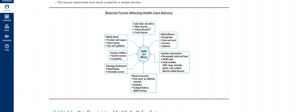That slowly changed to where we now depend on physicians' opinions when there's an issue with our health. Next is global influences — we're looking at immigration, trade, travel, terrorism, epidemics, and population characteristics such as demographic trends and health needs. Also the physical environment: sanitation, ecological balance, global warming, and toxic waste. And definitely technology development — here in the US we are known for a very high-tech, highly specialized medical system, which impacts healthcare delivery.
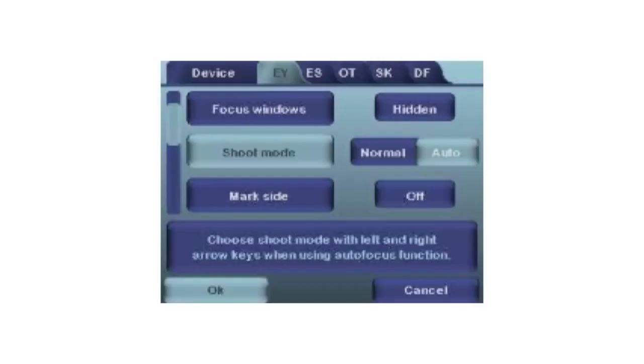With auto shoot mode, you only need to press the shutter button halfway down and the camera focuses and takes the image automatically.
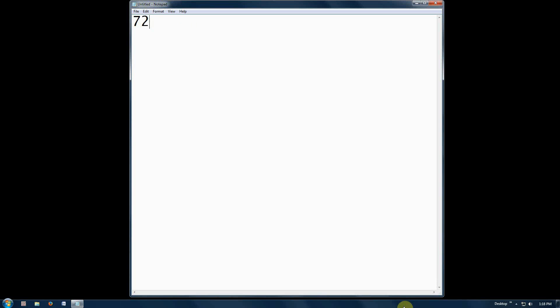We'll start with an easy number like 72. 7 plus 2 equals 9.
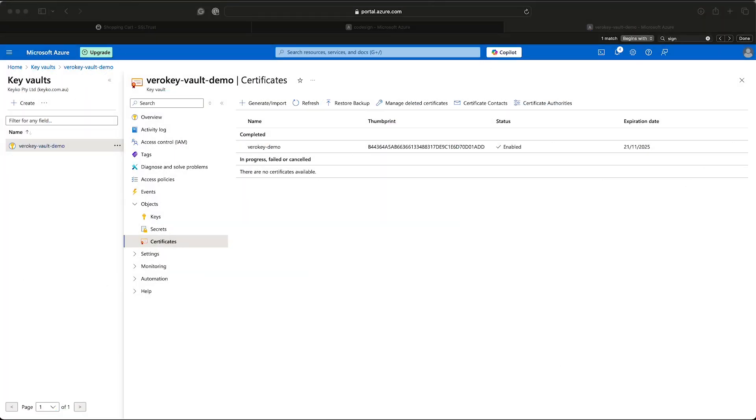Hello and welcome to today's tutorial. Today we're going to go through the process of signing an application using Microsoft Azure Vault with your code signing certificate, which we've previously imported in our previous tutorials.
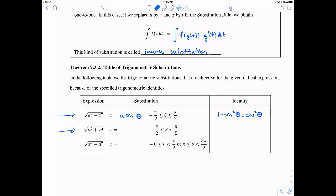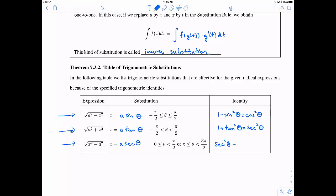If you have the square root of a² plus x², think about x = a·tan(θ). This is one-to-one from −π/2 to π/2, not including the endpoints. The identity to use is: 1 + tan²(θ) = sec²(θ). For the final expression, if you have the square root of x² minus a², then use x = a·sec(θ). Secant has an inverse between 0 and π/2, or when θ ranges between π and 3π/2. The identity here is: sec²(θ) − 1 = tan²(θ). Note these two identities are related — subtracting 1 from the second gives the third.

#####

=== WHAT THE TASK REQUIRES ===
An exact copy of the entries above is required; pictures are not part of it.

=== ANSWER SPACE ===
That slowly changed to where we now depend on physicians' opinions when there's an issue with our health. Next is global influences — we're looking at immigration, trade, travel, terrorism, epidemics, and population characteristics such as demographic trends and health needs. Also the physical environment: sanitation, ecological balance, global warming, and toxic waste. And definitely technology development — here in the US we are known for a very high-tech, highly specialized medical system, which impacts healthcare delivery.
With auto shoot mode, you only need to press the shutter button halfway down and the camera focuses and takes the image automatically.
We'll start with an easy number like 72. 7 plus 2 equals 9.
Hello and welcome to today's tutorial. Today we're going to go through the process of signing an application using Microsoft Azure Vault with your code signing certificate, which we've previously imported in our previous tutorials.
If you have the square root of a² plus x², think about x = a·tan(θ). This is one-to-one from −π/2 to π/2, not including the endpoints. The identity to use is: 1 + tan²(θ) = sec²(θ). For the final expression, if you have the square root of x² minus a², then use x = a·sec(θ). Secant has an inverse between 0 and π/2, or when θ ranges between π and 3π/2. The identity here is: sec²(θ) − 1 = tan²(θ). Note these two identities are related — subtracting 1 from the second gives the third.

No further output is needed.